Dataset excerpt ->

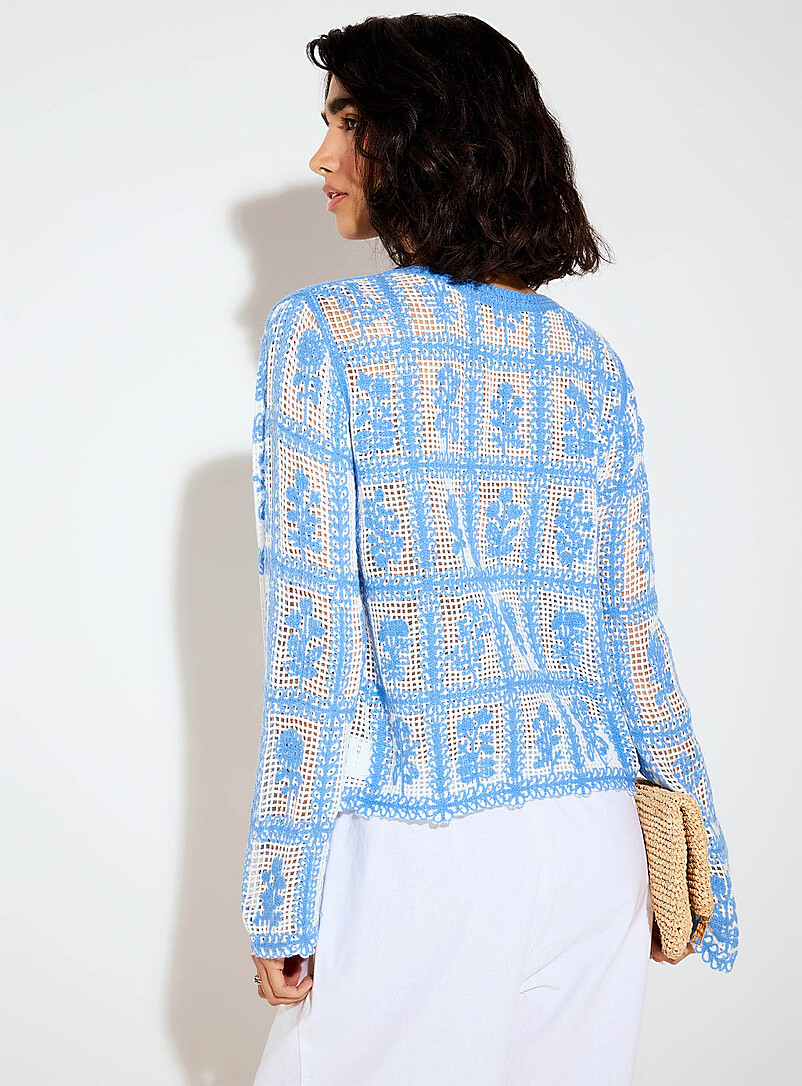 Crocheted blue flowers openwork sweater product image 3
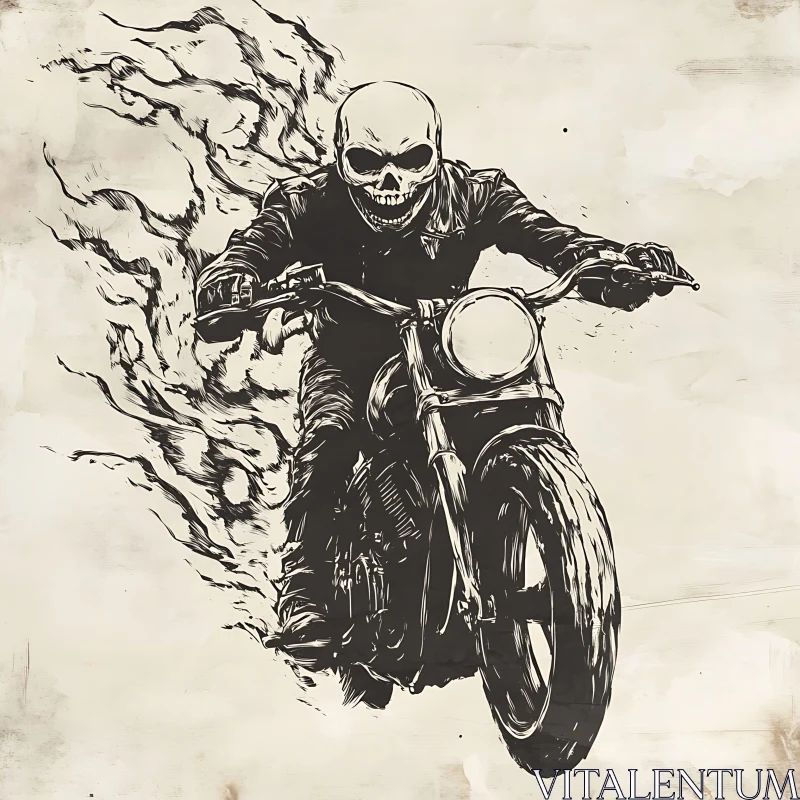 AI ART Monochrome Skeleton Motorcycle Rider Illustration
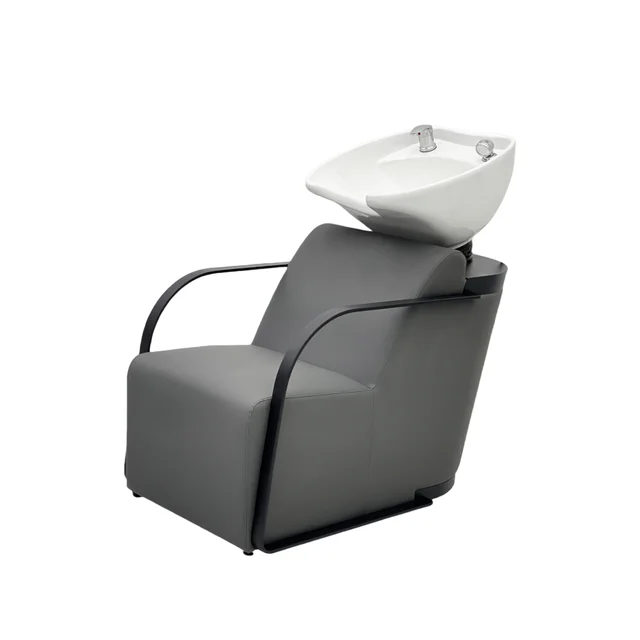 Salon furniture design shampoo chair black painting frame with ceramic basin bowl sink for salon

What the task asks -> An unaltered copy of the material, without images, should be set down.

Response for this exercise ->
 Crocheted blue flowers openwork sweater product image 3
 AI ART Monochrome Skeleton Motorcycle Rider Illustration
 Salon furniture design shampoo chair black painting frame with ceramic basin bowl sink for salon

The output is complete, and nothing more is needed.